The Arabic poems of which the Spaniard spoke portrayed life in the desert, with its warfare and hunting, its feasts and drinking bouts. Love was a favorite subject. Composition was governed by a strict code of convention; it was customary, for example, for the poet to praise himself, but not possible for him freely to portray human character. Still, much understanding of fundamental human experience shines through.
Arabic love poetry, especially as developed in Spain, deeply influenced the poets (called troubadours) across the Pyrenees in Provence, in the south of France. Earthly love became an important element of medieval literature. The troubadours’ songs spread to Germany, where the minnesinger adopted the convention. The troubadour created an interest in the theme of courtly love, or highly mannered and elegantly elaborately formal relations between men and women, and in the fourteenth and fifteenth centuries troubadour literature helped preserve and, for the aristocracy, elevate chivalric attitudes. Some of the greatest masterpieces of Western love poetry thus find their ancestry in the songs of the Muslims of Spain.
But love was not the only theme of Arabic verse. The famous blind Syrian poet al-Ma’arri (979-1057) lamented human helplessness in the face of the vicissitudes of life, sometimes in verses of a haunting beauty:
My friend, our own tombs fill so much space around us, imagine the space occupied by tombs of long ago.

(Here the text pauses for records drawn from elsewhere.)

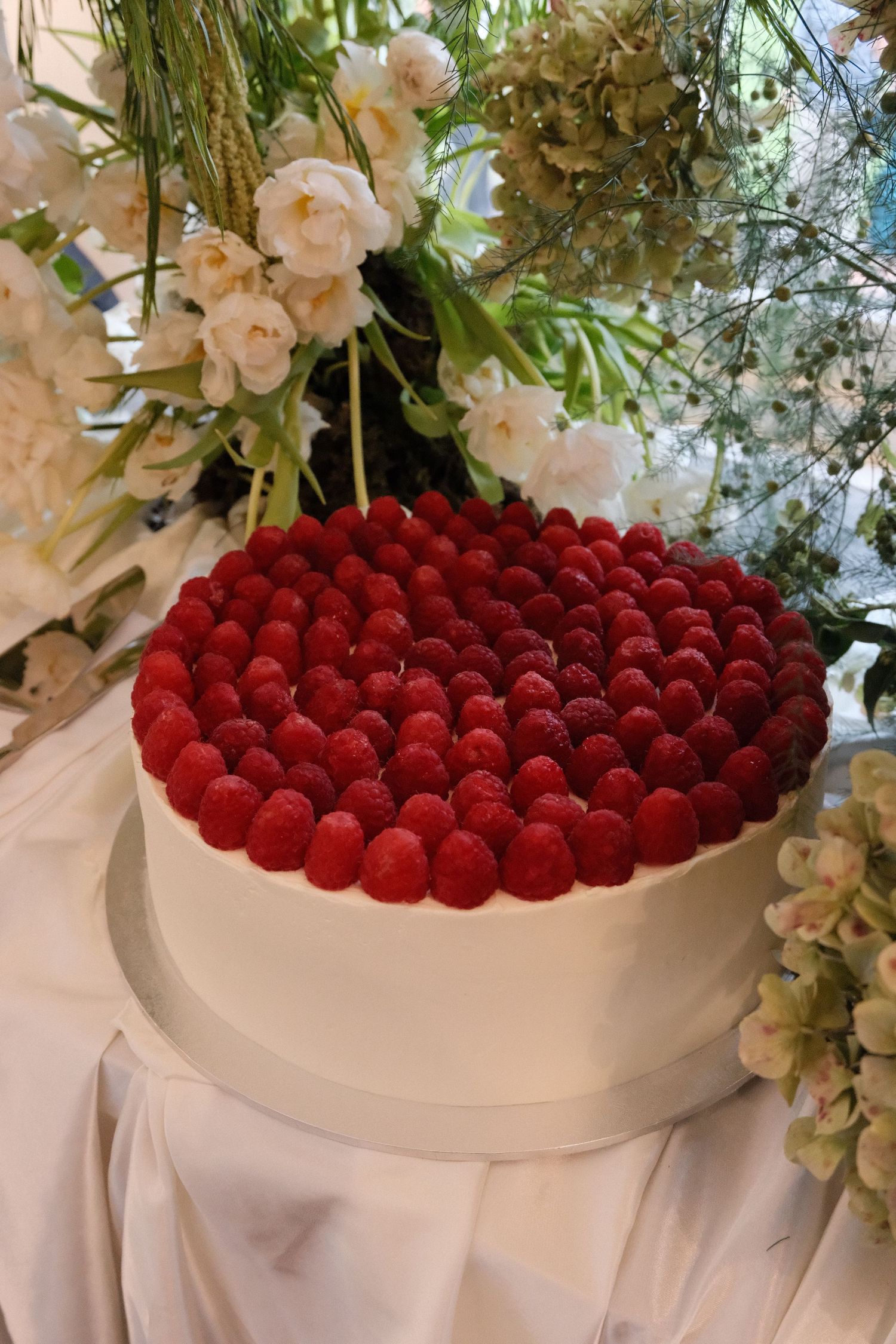 A white bowl filled with fresh red raspberries surrounded by delicate white floral arrangements.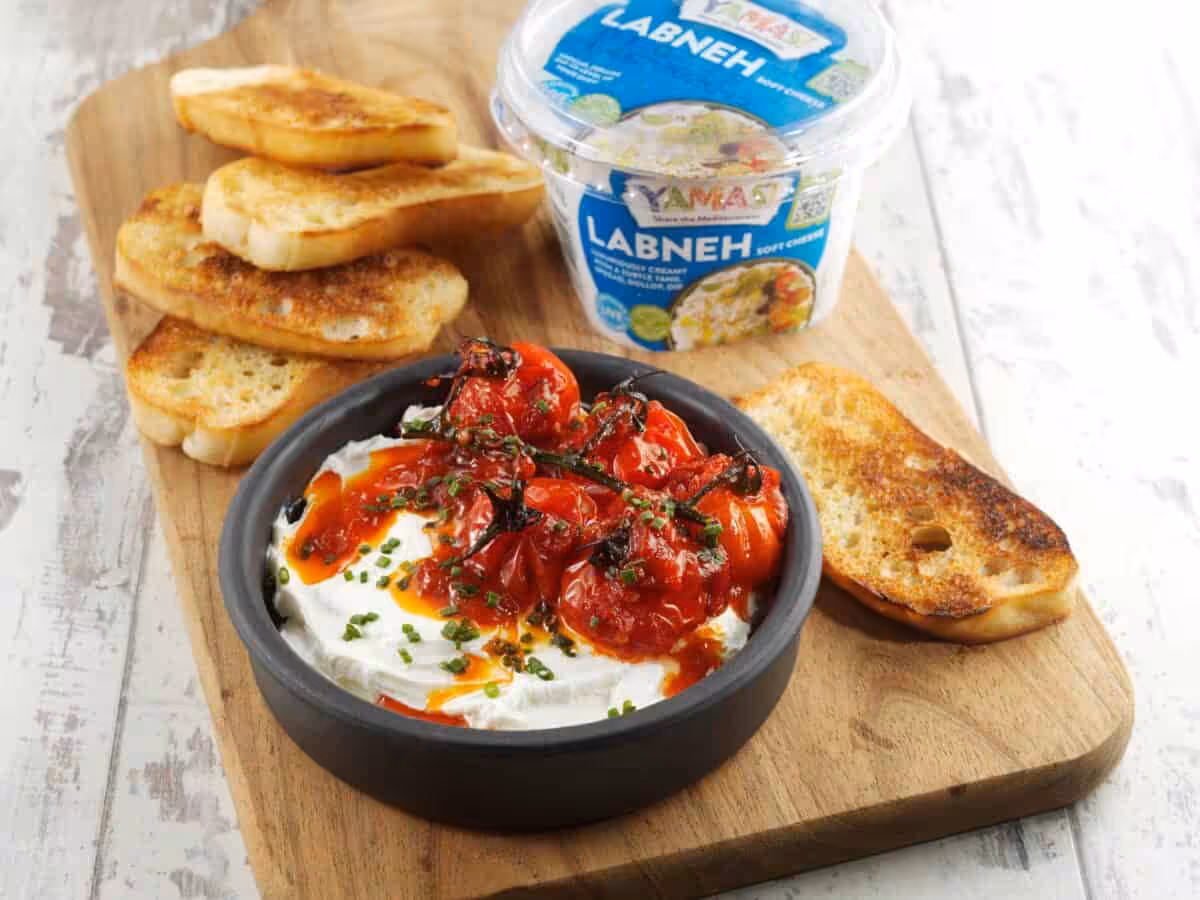 YAMAS! Labneh in a dark bowl topped with harissa roasted tomatoes and toasted ciabatta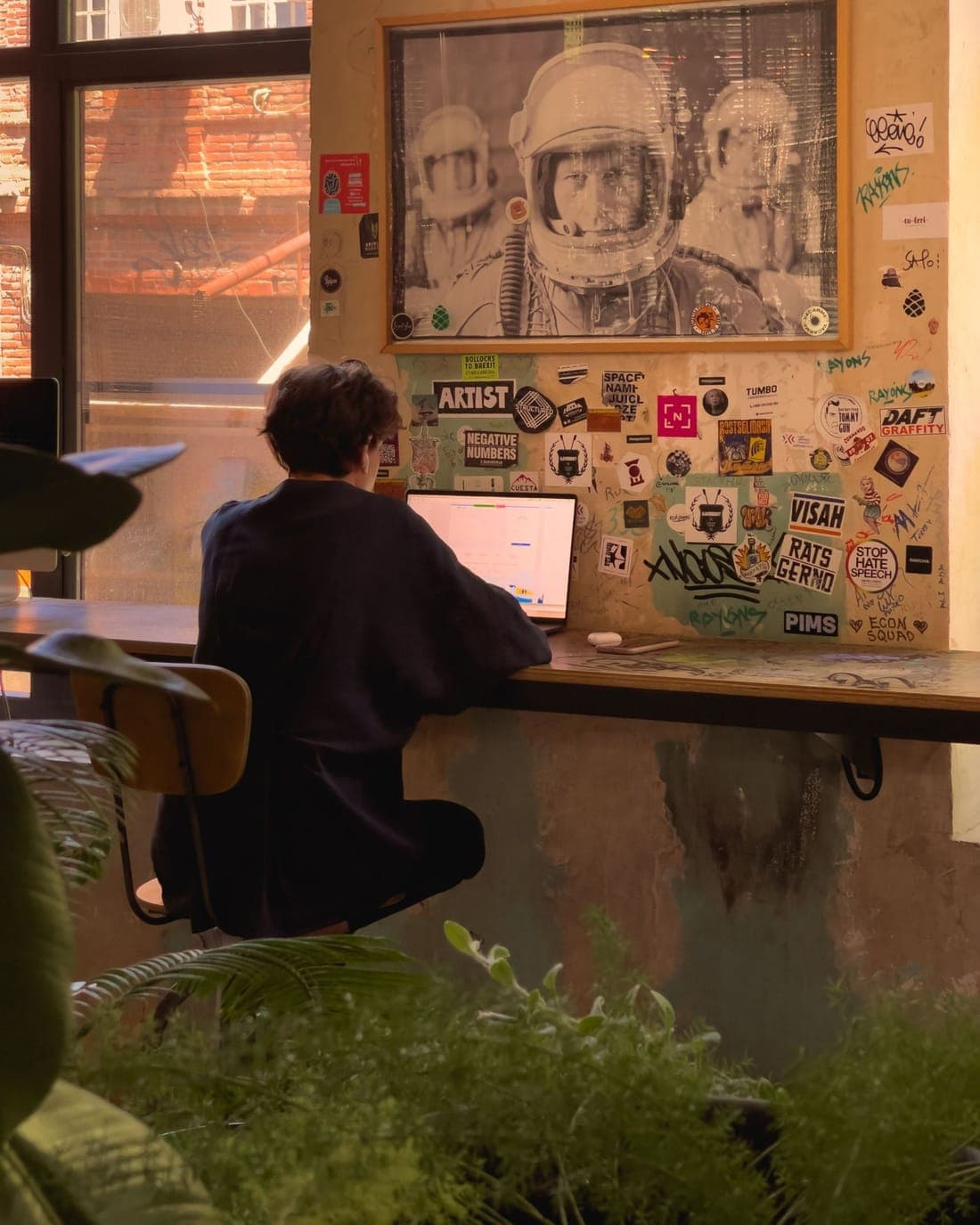 Freelancer aan het werk op een laptop, aan een bar vol stickers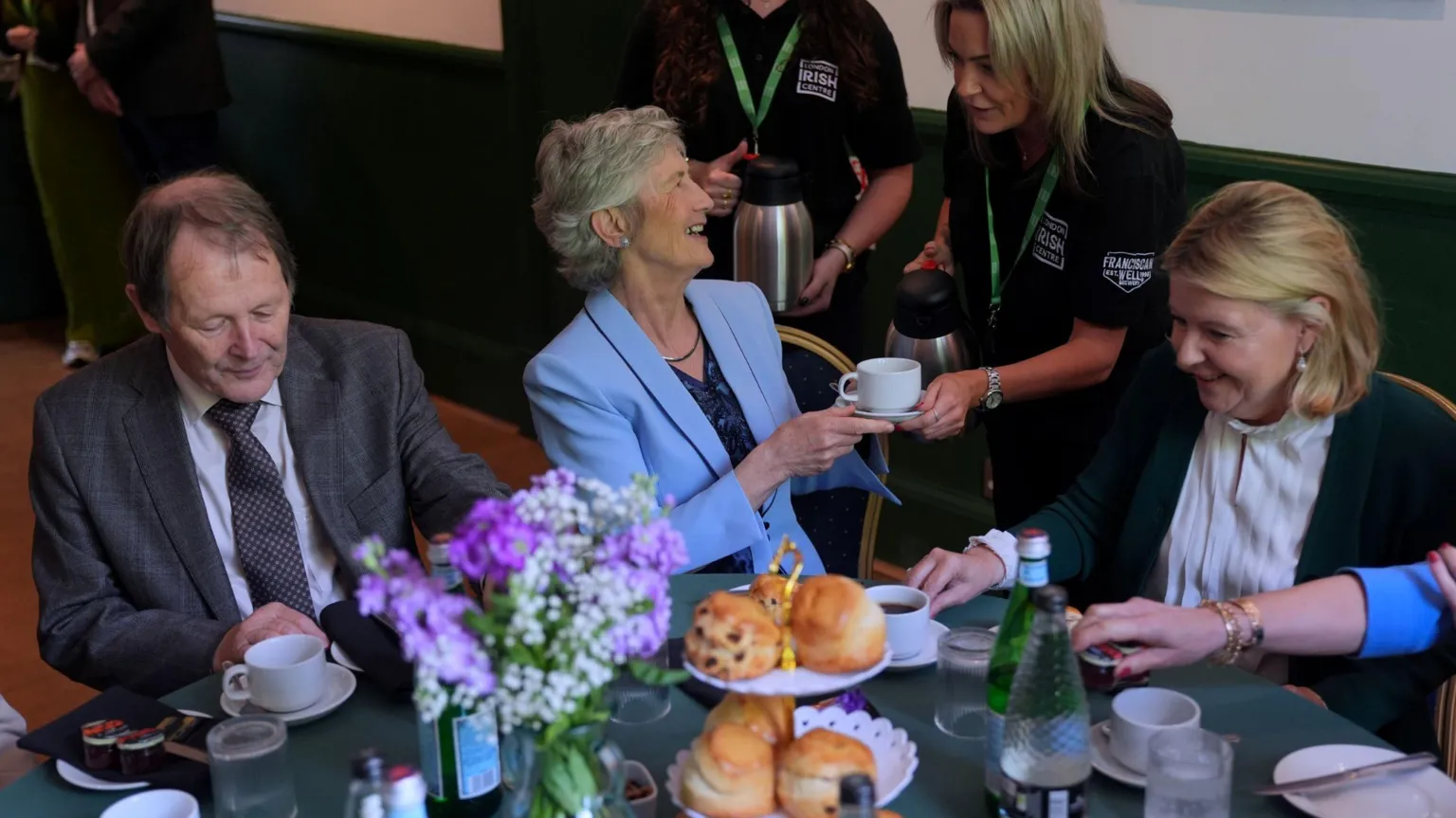 A woman with short grey hair, wearing a blue suit and navy top turns to her left and laugh's as she receives a cup of tee from a long-blonde haired woman in a dark-green polo top.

Walk slowly over the dust of this earth;
its crust is nothing but the bones of men.
Besides poetry there is much interesting autobiography and excellent history in Arabic. Fiction is of a limited sort only—sad misfortunes of a pair of lovers; exciting incidents of urban life in the capital, with the caliph and his chief minister, the vizier, participating; the adventures of a rogue. These stories were collected in the celebrated Arabian Nights between 900 and 1500. Stories of Persian, Indian, and Jewish origin are included, as well as some that derive from Greek and Hellenistic works. Thus Sinbad the Sailor’s famous roc with its enormous egg came from the Greek romance of Alexander, and the Odyssey supplied the adventure with the blinded giant.
Deeply appreciative of secular music and dancing, the Arabs in the early Islamic period seem to have preferred the role of spectators to that of performers, most of whom were slaves or former slaves. Stringed instruments like lutes, as well as whistles, flutes, and drums, were popular in the Islamic world. Many musical words we take for granted derive from Arabic. Lute, tambourine, guitar, and fanfare are all of Arabic origin.
From the Muslims of Spain across the Pyrenees into France and thence to the entire western European world came not only the poetry of courtly love but also the instruments the singer played as he sang of his beloved. Through Sicily and Spain came Greco-Roman and Muslim science, philosophy, and art. When considering the contributions of the Byzantines and the Muslims to the culture of Western society, historians are altogether justified in saying that much light came from the East.